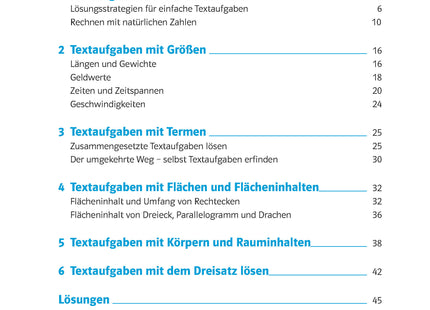 Inhaltsverzeichnis: Klett 10-Minuten-Training Mathematik – Textaufgaben, Klasse 5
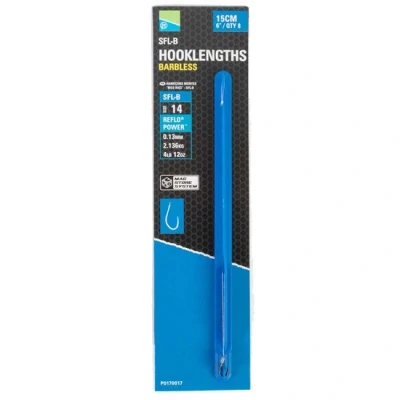 Afbeelding van Preston Onderlijn SFL B 15cm Barbless (8pcs) Maat : Haak 20 0.10mm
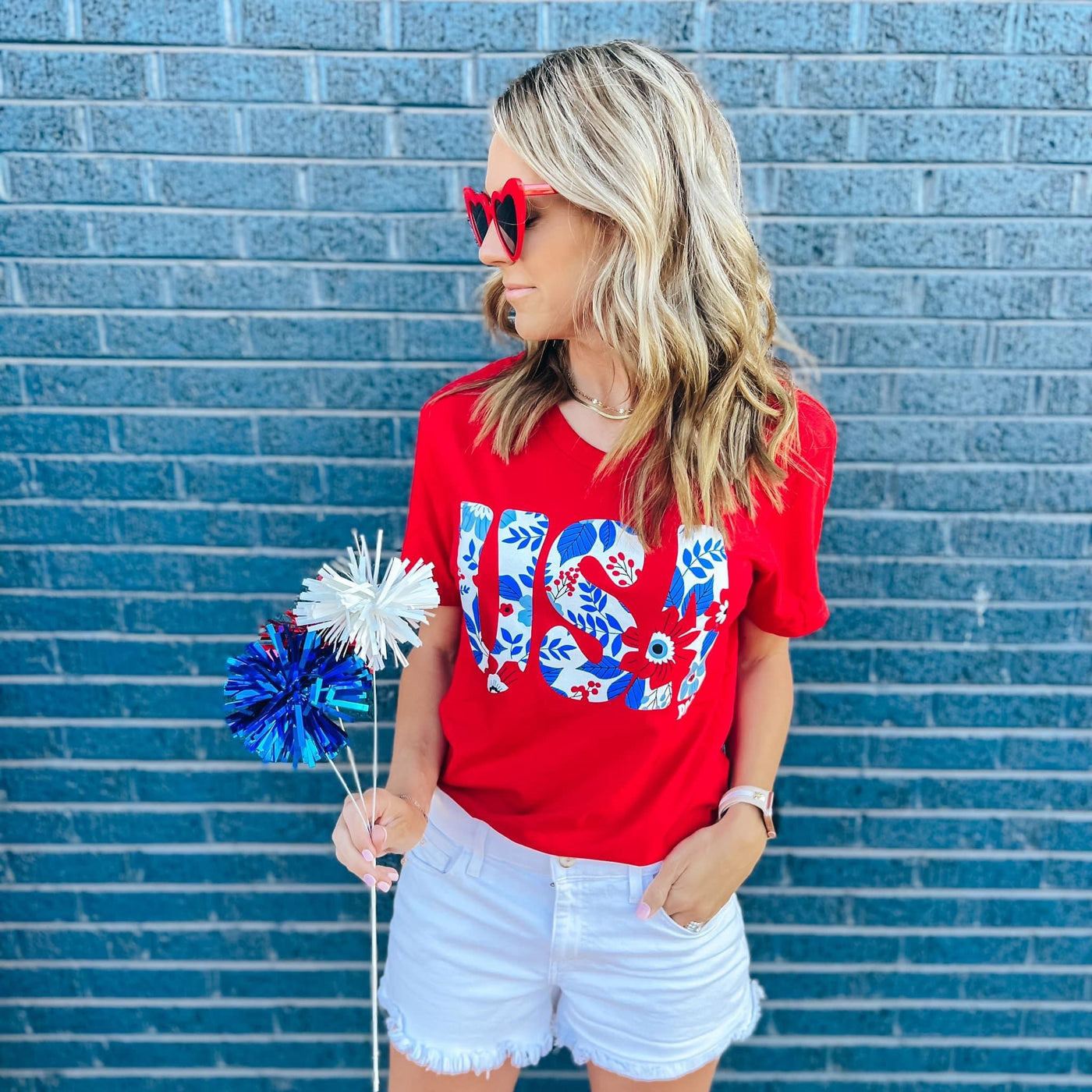 Red USA floral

TASK BRIEF: Output the data above without changes, apart from leaving out the pictures.

SOLUTION TO THE EXERCISE:
 Inhaltsverzeichnis: Klett 10-Minuten-Training Mathematik – Textaufgaben, Klasse 5
 Afbeelding van Preston Onderlijn SFL B 15cm Barbless (8pcs) Maat : Haak 20 0.10mm
 Red USA floral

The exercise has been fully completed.